What is being asked — Print the data exactly as written, but leave out each picture.
The data below:
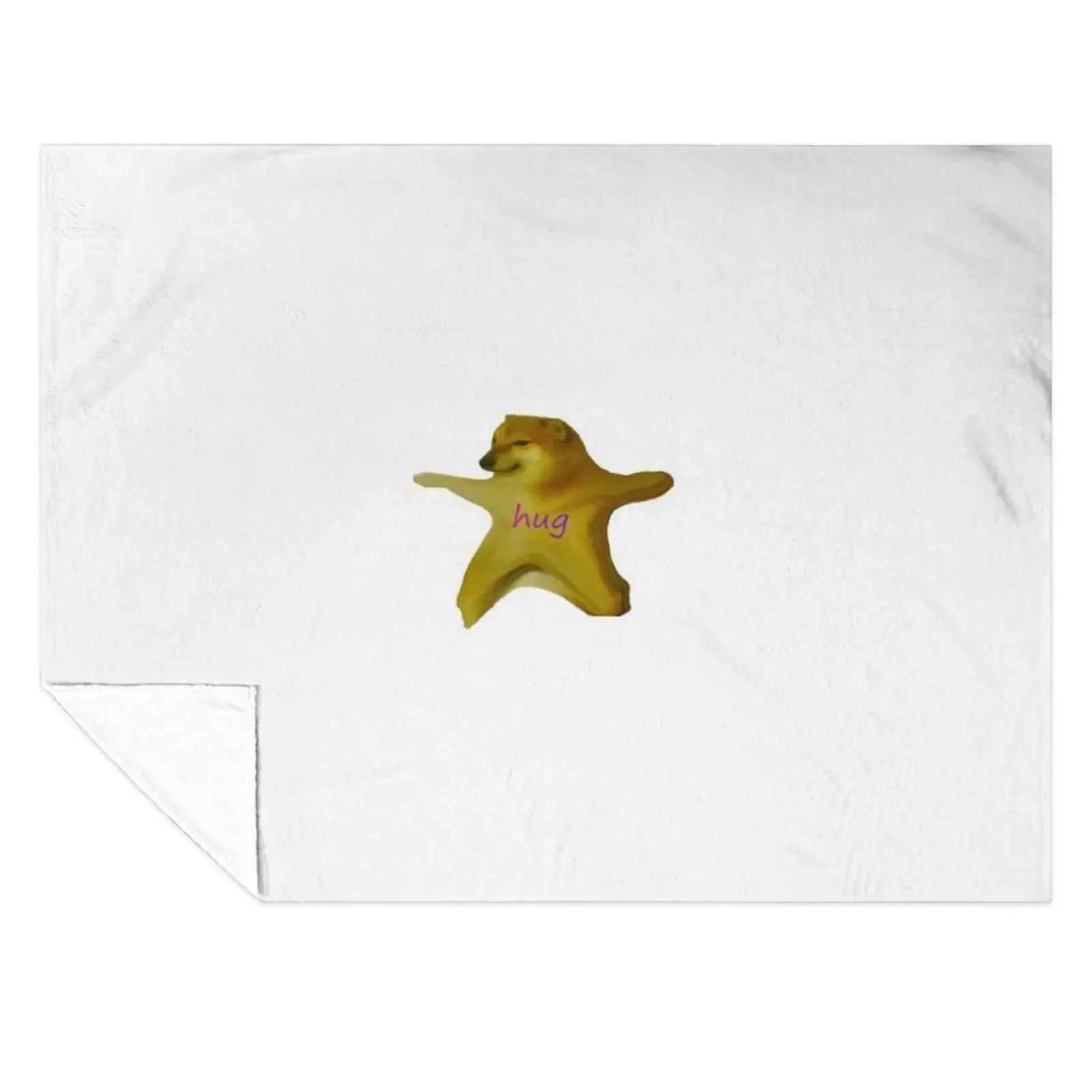 

cheems hug Throw Blanket Blankets For Baby Luxury Throw Heavy warm winter Blankets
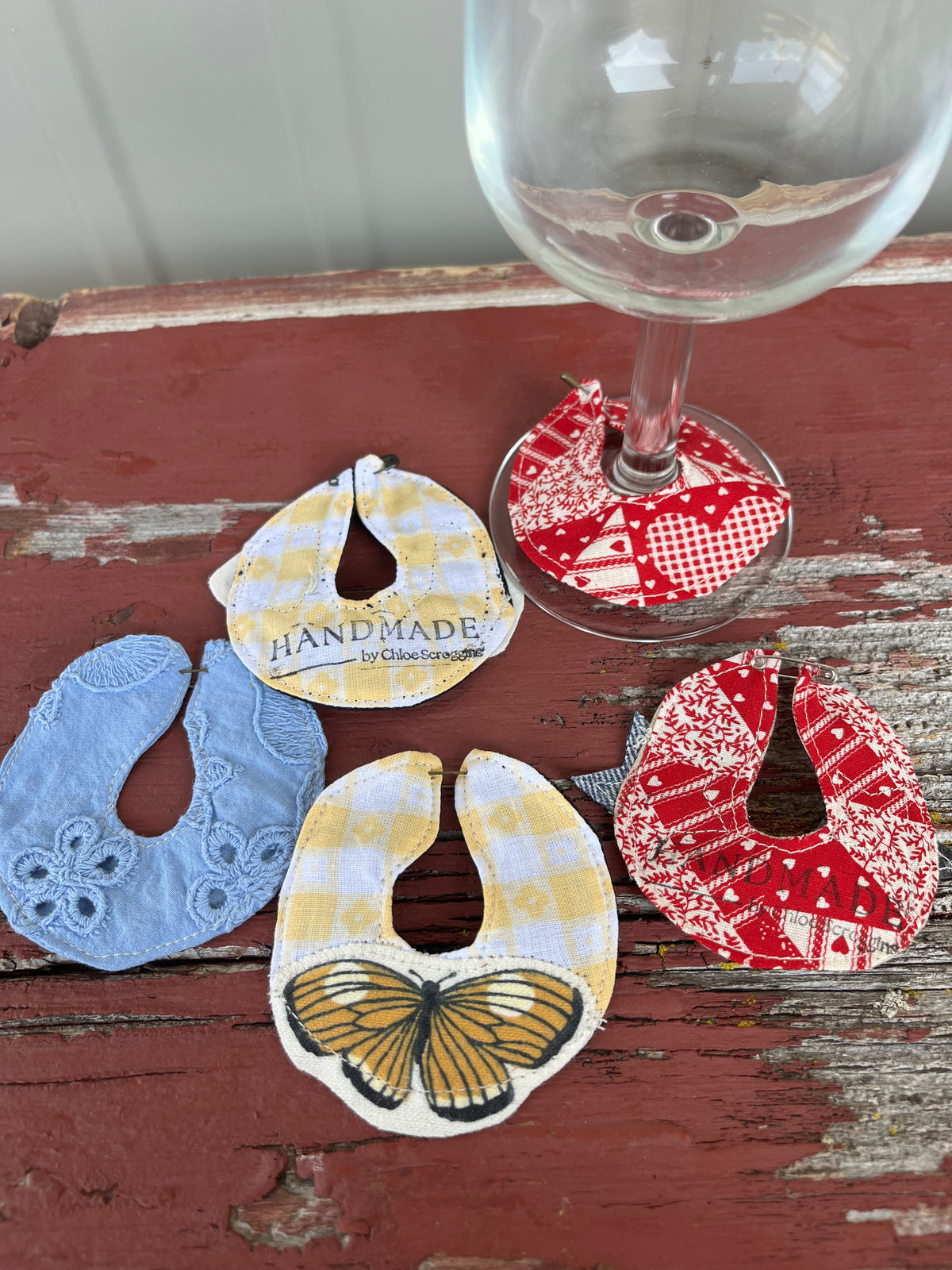 Wine Charms (Set of 5)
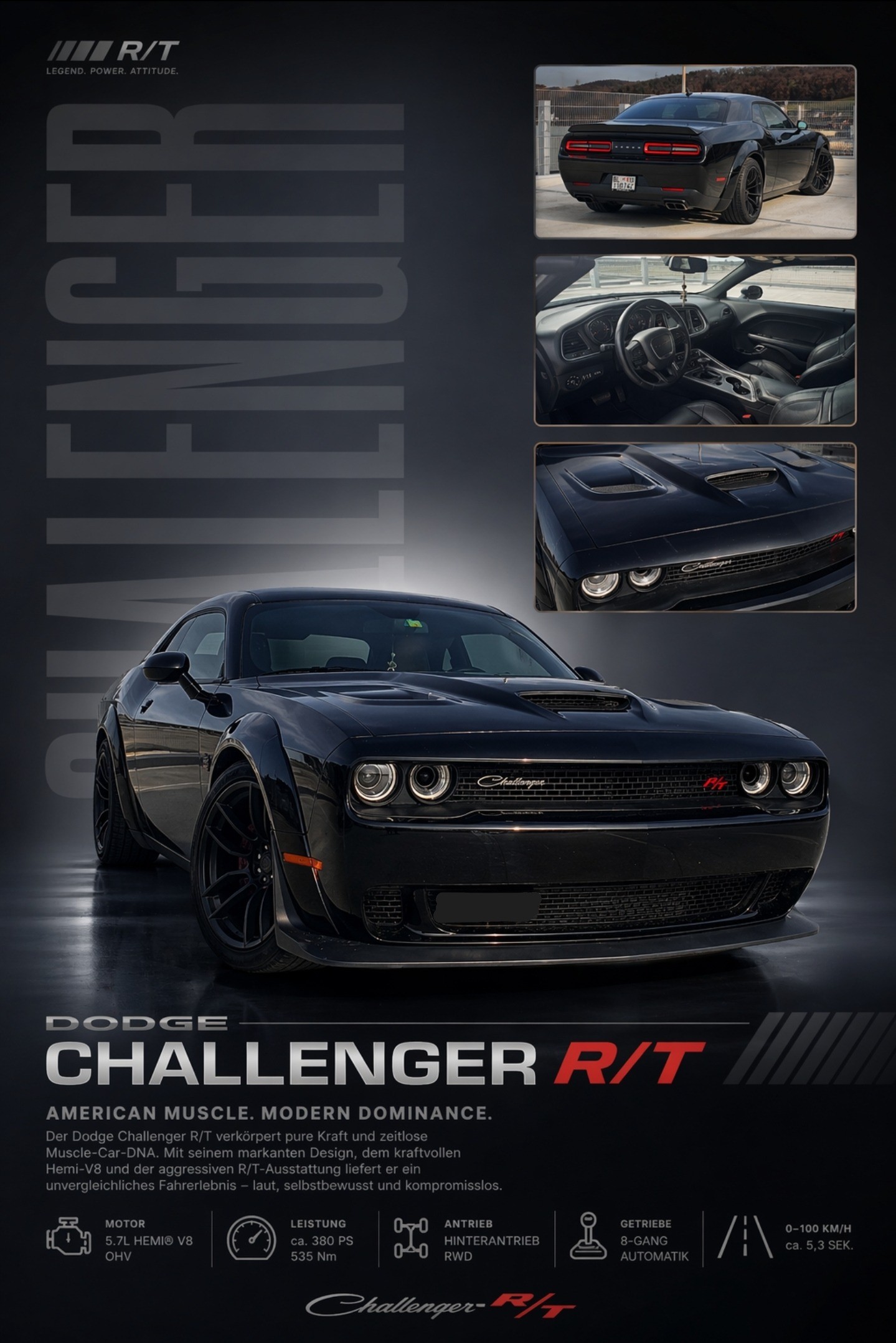 DODGE 6.4 V8 HEMI SRT Scat Pack-image-0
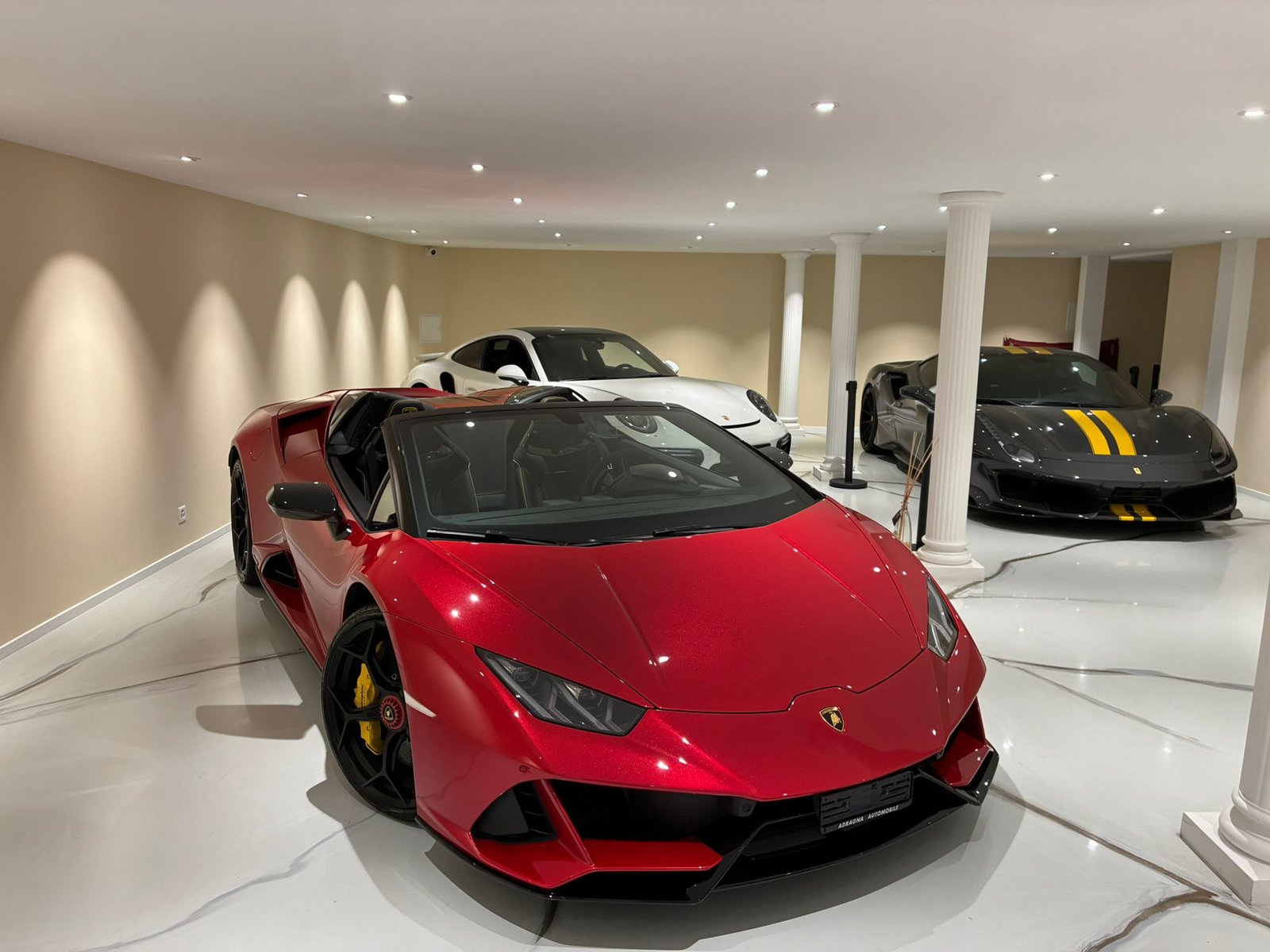 LAMBORGHINI Huracan EVO Spyder DCT, Benzin, Occasion / Gebraucht, Automatik - 2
End of The data.
Solution below —
cheems hug Throw Blanket Blankets For Baby Luxury Throw Heavy warm winter Blankets
 Wine Charms (Set of 5)
 DODGE 6.4 V8 HEMI SRT Scat Pack-image-0
 LAMBORGHINI Huracan EVO Spyder DCT, Benzin, Occasion / Gebraucht, Automatik - 2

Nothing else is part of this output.